Thursday, December 1, 2011

Changing that yucky cygwin prompt colour

We have a very cool script here at work that everybody uses when they want to upgrade their local database, run their local jboss server, load the data that's used by the app, etc.

The problem, for Windows users, is that it's a Linux script. :-(

No problem - cygwin to the rescue. The script runs just fine under cygwin. But the command shell colours basically (in my opinion) suck. Yucky green against a black background is hard for me to read.

So after a little research (i.e. Google search), I found a post that told me how to change that. And, even better,  it was easy.

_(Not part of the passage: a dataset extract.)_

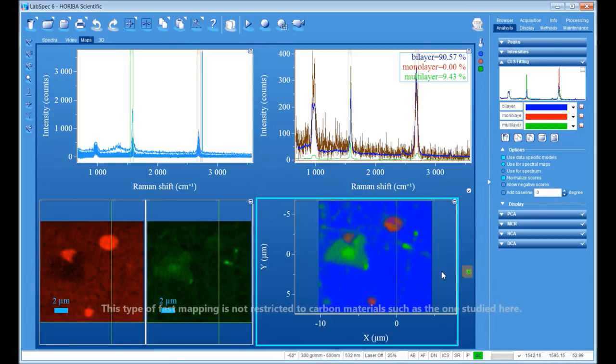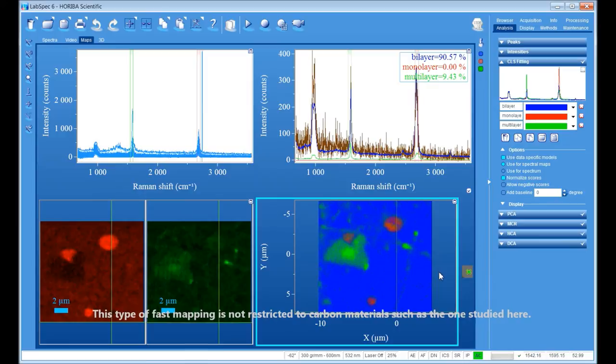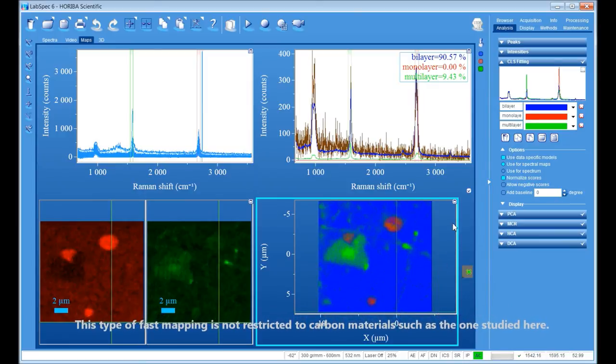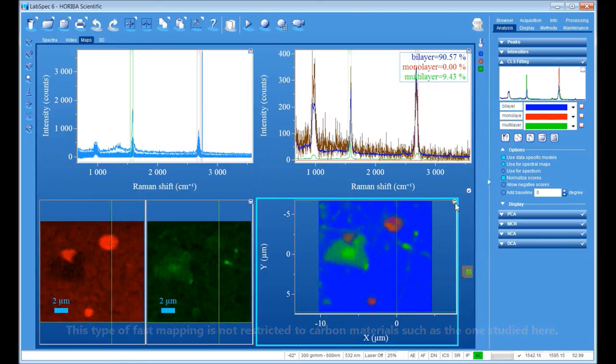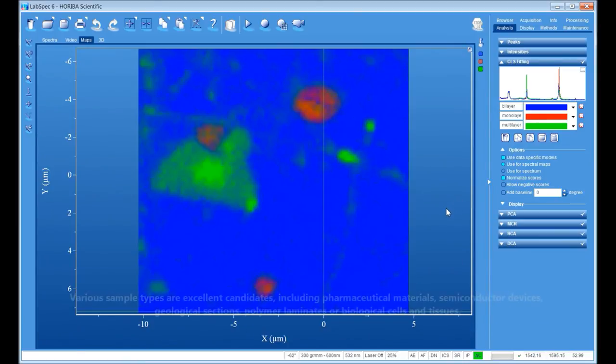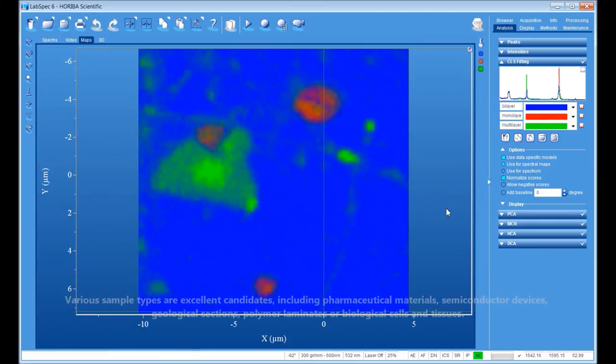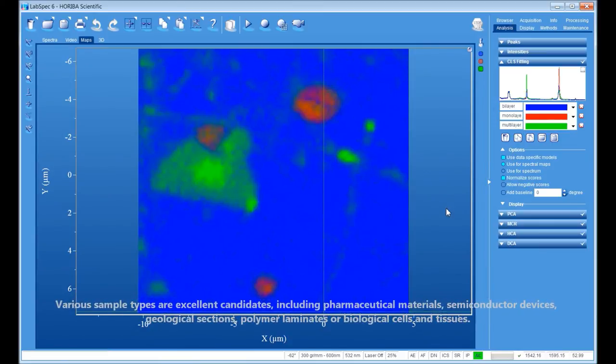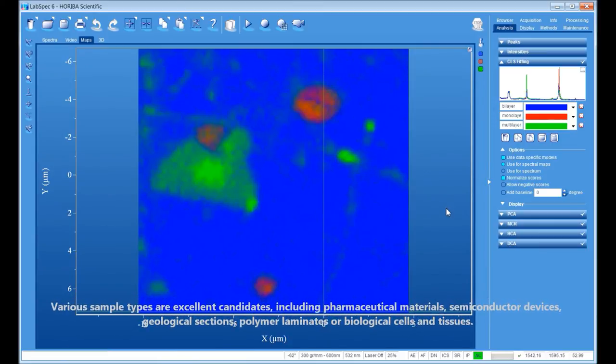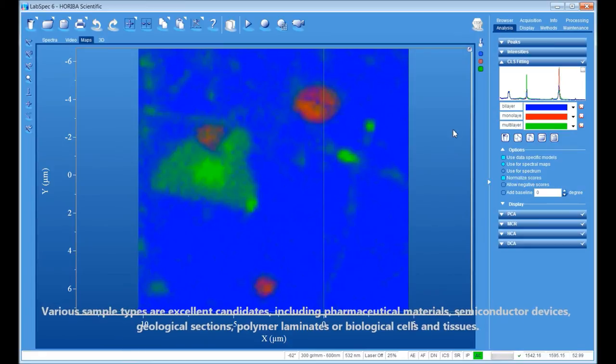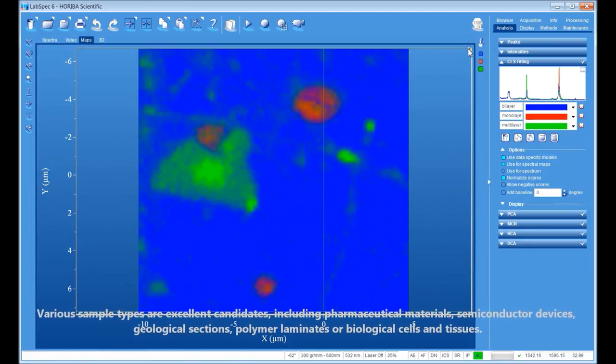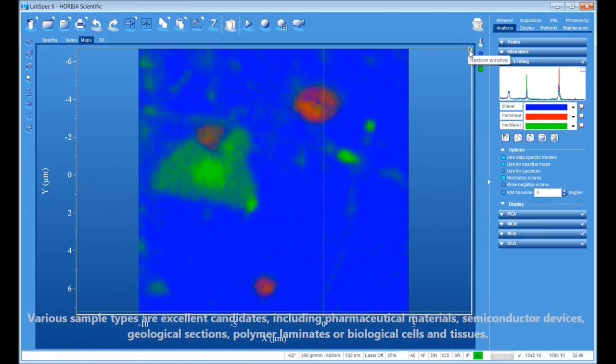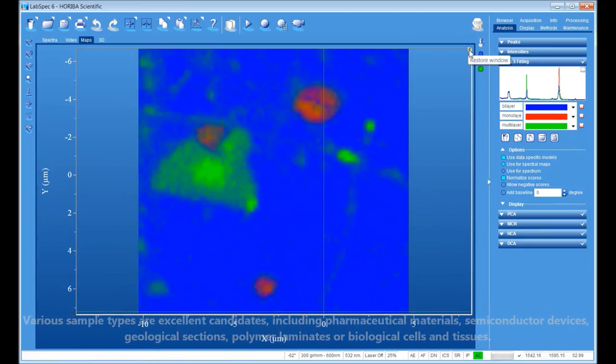This type of fast mapping is not restricted to carbon materials such as the one studied here. Various sample types are also good candidates, including pharmaceutical materials, semiconductor devices, geological sections, polymer laminates, or biological cells and tissues.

All you have to do is go to the folder where you installed cygwin. Mine's c:\cygwin. Then go to the etc folder. In that folder, you'll find a file called profile. Open it in your favourite Windows text editor and change this line:


PS1='\[\e]0;\w\a\]\n\[\e[32m\]\u@\h \[\e[33m\]\w\[\e[0m\]\n\$ '


to:


PS1='\[\e]0;\w\a\]\n\[\e[255m\]\u@\h \[\e[255m\]\w\[\e[0m\]\n\$ '


and this line:


^[[32m${USER}@${HOSTNAME} ^[[33m${PWD}^[[0m


to:


^[[255m${USER}@${HOSTNAME} ^[[255m${PWD}^[[0m


And Bob's your uncle! Actually, Bob is my kids' uncle, but that's another story for another day.

I now have a cygwin prompt I can read. Woohoo!